Emotional Tarot Essays · Topic 29

What Will My Future Spouse, Husband, or Wife Look Like?

A softer tarot essay about future spouse signs, ordinary attraction, and the bigger question hiding under physical details.

You ask what they will look like because a face would help. A face feels easier than trust. Hair, eyes, height, clothes, voice. Give me something, you think. Give me one detail I can carry while I am tired of not knowing.

Maybe you are not even shallow. Maybe you are just tired. Tired of guessing. Tired of dating people who start bright and then become work. Tired of wondering whether you will know the right person or accidentally walk past them while checking a receipt.

So you pull cards. Maybe you shuffle on the bed. Maybe on the floor. Maybe at the kitchen table with a bill beside your elbow. The cards are Queen of Wands, King of Pentacles, The Star, Six of Cups. You want them to be clear. You want them to say yes, no, soon, stop, go, text, delete, breathe. You want one answer because your brain is already tired from making twelve answers by itself.

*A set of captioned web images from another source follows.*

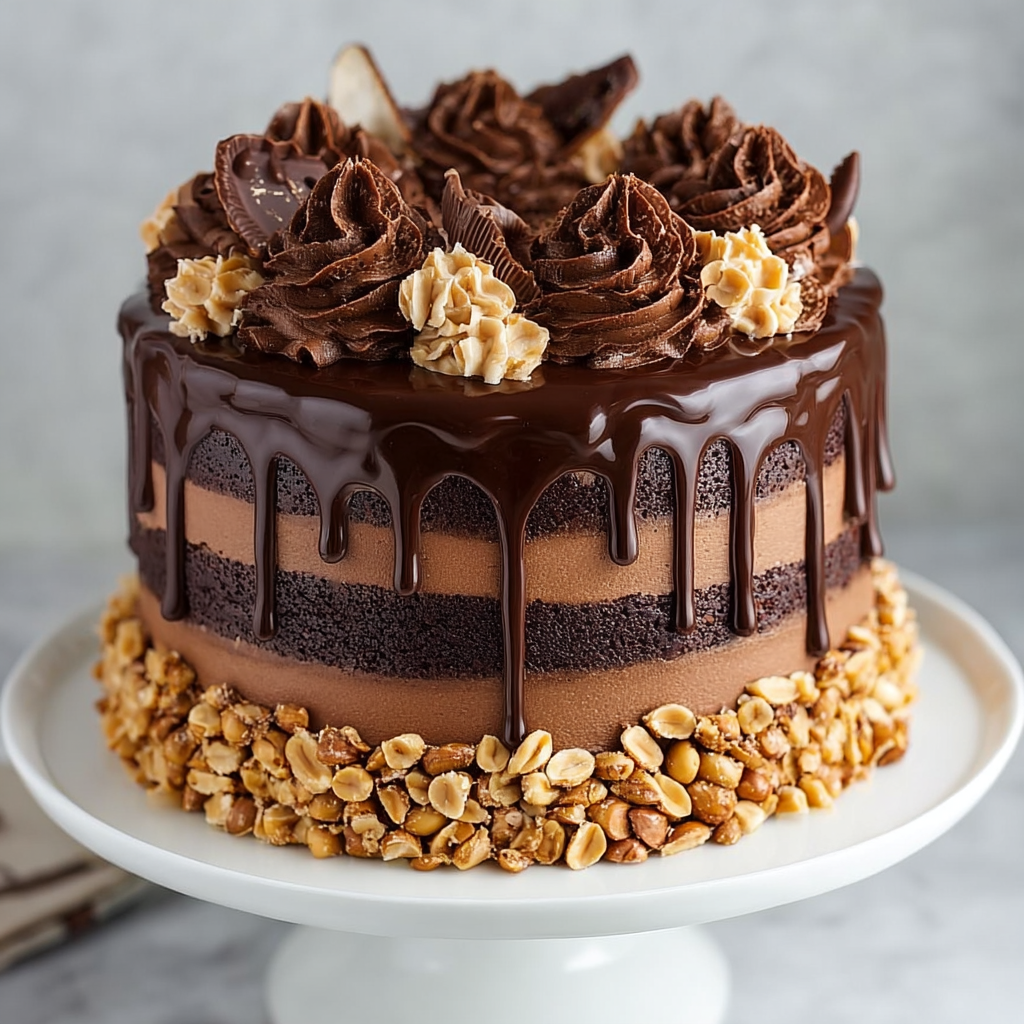 Decadent & Moist Chocolate Cake Recipe 3 Decadent & Moist Chocolate Cake Recipe - Recipe Image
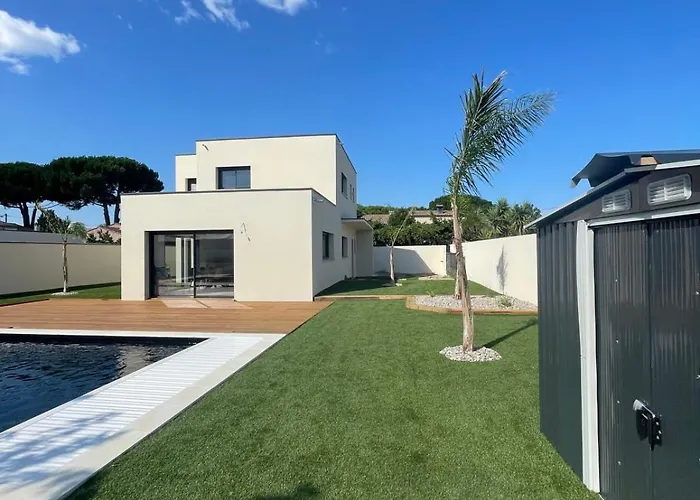Du Soleil Spaziosa Con Piscina Privata Vicino Alle Spiagge Villa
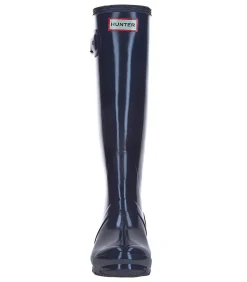 Hunter Bottes Original Tall Gloss Navy*Femme Boots & Bottines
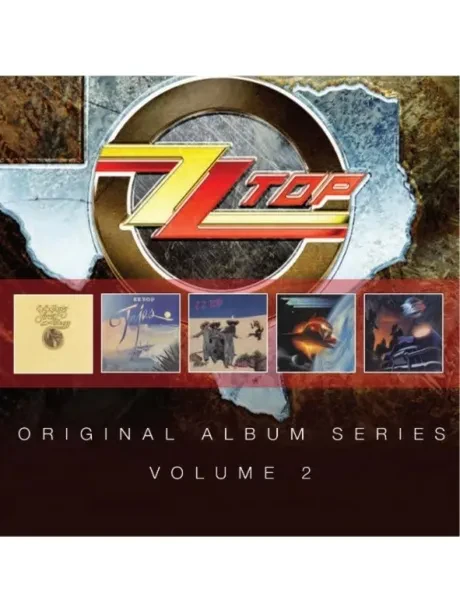 ZZ TOP - Original Album Series (First Album / Tejas / Deguello / El Loco / Afterburner) (5CD)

I am going to be plain. A reading about future spouse should not make you feel more trapped. If the reading leaves you checking the same chat every seven minutes, it has not helped yet. If it makes you feel smaller, more desperate, more willing to accept scraps, pause. Put the deck down. Eat something. Wash your face. Come back when your body is less on fire.

The first thing to look at is what you really mean by look like. Do you mean face? Body? Style? Voice? The way they stand in a doorway? The way they act when the bill comes? Sometimes we ask for appearance because we want something easier than trust. A face feels simple. A whole person is not simple.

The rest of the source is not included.